My foot showed me I am actually exhausted on a few levels. Physically, I’ve been sleeping more, resting more and relaxing more. And, it’s all ok. Mentally I am tired too. This summer I will not be going to school or working towards any intellectual achievements. My brain needs a break. Spiritually, I’ve been feeling detached and have been more or less going through the motions. I wish folks would stop trying to recruit me into their churches. I am not interested in attending church services. It’s not my thing. I am, however, working to get back in touch with my spirituality. I am currently taking a 21 Days of Prayer course on http://www.dailyom.com. I love it. Each day we learn a new way to pray. It’s been very rewarding and I am building a Prayer Tool box. I also downloaded a couple of meditation apps to help calm my mind down. I LOVE the Stop, Breathe and Think app for iPhone. The meditations are all under 10 minutes and it has a daily check-in feature.

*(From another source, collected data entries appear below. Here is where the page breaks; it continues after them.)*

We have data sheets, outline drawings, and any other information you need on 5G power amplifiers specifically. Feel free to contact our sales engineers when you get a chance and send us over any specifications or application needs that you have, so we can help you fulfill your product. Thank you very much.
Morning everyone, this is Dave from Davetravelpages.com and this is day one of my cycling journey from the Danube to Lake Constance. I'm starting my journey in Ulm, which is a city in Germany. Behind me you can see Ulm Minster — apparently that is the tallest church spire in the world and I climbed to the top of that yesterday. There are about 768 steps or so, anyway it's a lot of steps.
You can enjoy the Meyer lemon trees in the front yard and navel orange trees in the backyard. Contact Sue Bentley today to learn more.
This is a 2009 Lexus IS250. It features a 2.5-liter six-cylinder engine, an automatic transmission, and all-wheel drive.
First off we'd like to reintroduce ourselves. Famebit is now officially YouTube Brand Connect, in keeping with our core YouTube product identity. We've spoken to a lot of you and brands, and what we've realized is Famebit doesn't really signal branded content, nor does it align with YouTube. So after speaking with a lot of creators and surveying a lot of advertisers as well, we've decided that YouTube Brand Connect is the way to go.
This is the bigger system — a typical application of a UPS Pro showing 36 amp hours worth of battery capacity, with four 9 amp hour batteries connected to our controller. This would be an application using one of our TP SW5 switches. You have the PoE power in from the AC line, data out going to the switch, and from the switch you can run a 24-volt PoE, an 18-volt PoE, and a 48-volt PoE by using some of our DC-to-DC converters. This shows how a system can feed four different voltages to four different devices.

One of the nice things that has happened is I am writing a lot lately. Poetry, Haikus and blogs are flowing. It’s great outlet for me. I’ve reconnected with a few friends as a result of my best friend passing away a few weeks ago. A few people have reached out and we’ve been able to reconnect. I am even closer to my family than I was before. I talk to them more than before. My sister and I are closer than ever.

As far as my health goes, I am having a few challenges. I have a chronic gastritis flare up that is not calming down quickly so it looks like I need a scope in the coming weeks. It can be painful at times. My foot is slowly healing. Physical Therapy is working but I am not ready for power walking just yet. I have an appointment this coming Friday to see my Integrative Doctor at the Chung Institute in Moorestown, NJ. Since I am in Menopause we are going to start looking at bio-identical hormone replacement to help with some of symptoms. I love that my GP is so open to alternative treatments. She even told me the bio-identical hormones were my best bet and was happy I was going to the Chung Institute. Bio-identical hormone creams are made from your own saliva and are exact match to your own body’s chemistry. That means there are less side affects.

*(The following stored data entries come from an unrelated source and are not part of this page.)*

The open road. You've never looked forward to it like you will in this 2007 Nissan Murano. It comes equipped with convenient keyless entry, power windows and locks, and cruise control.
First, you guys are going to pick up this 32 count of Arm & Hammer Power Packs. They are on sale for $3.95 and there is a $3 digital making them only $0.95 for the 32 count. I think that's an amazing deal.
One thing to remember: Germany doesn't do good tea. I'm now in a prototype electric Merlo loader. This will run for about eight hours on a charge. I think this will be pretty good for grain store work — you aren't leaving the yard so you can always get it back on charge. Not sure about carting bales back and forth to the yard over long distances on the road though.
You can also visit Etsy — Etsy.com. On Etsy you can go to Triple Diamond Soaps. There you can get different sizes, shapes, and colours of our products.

As far as work goes, it’s going extremely well. I did ask to work a reduced schedule through out May to give myself some space to heal. They approved it. They told me I was doing a great job and would support whatever I need. Even though today is Sunday I worked for a couple of hours this morning. I am briefing the Asst. Administrator on Tuesday and need to turn in my presentation by tomorrow for review. I think it’s interesting that I am doing the best work of my career while I am also experiencing so many challenges in my personal life.

I had a conversation with my therapist the other day. I mentioned about doing this all alone. She asked me to consider that perhaps I was meant to figure out this part of my life on my own. This is the time for me rest, heal, reconnect with friends and spirit, excel in work and just enjoy life rather than push. Maybe this time was just about me and no one else. Perhaps these challenges and how I am handling them is defining me and growing me for some other purpose. Who knows???

What I do know is, I did the dreaded swimsuit shopping and was pleasantly surprised to find two that look nice on me. Memorial Day to Labor Day you will find me by the pool or on the beach in my free time. This summer my focus is going to be just “being” instead of “doing”. The only things on my schedule will be work, self care(gym, etc), prayer, family and friends…That’s it.

What does Selfcare Sunday look like for you today?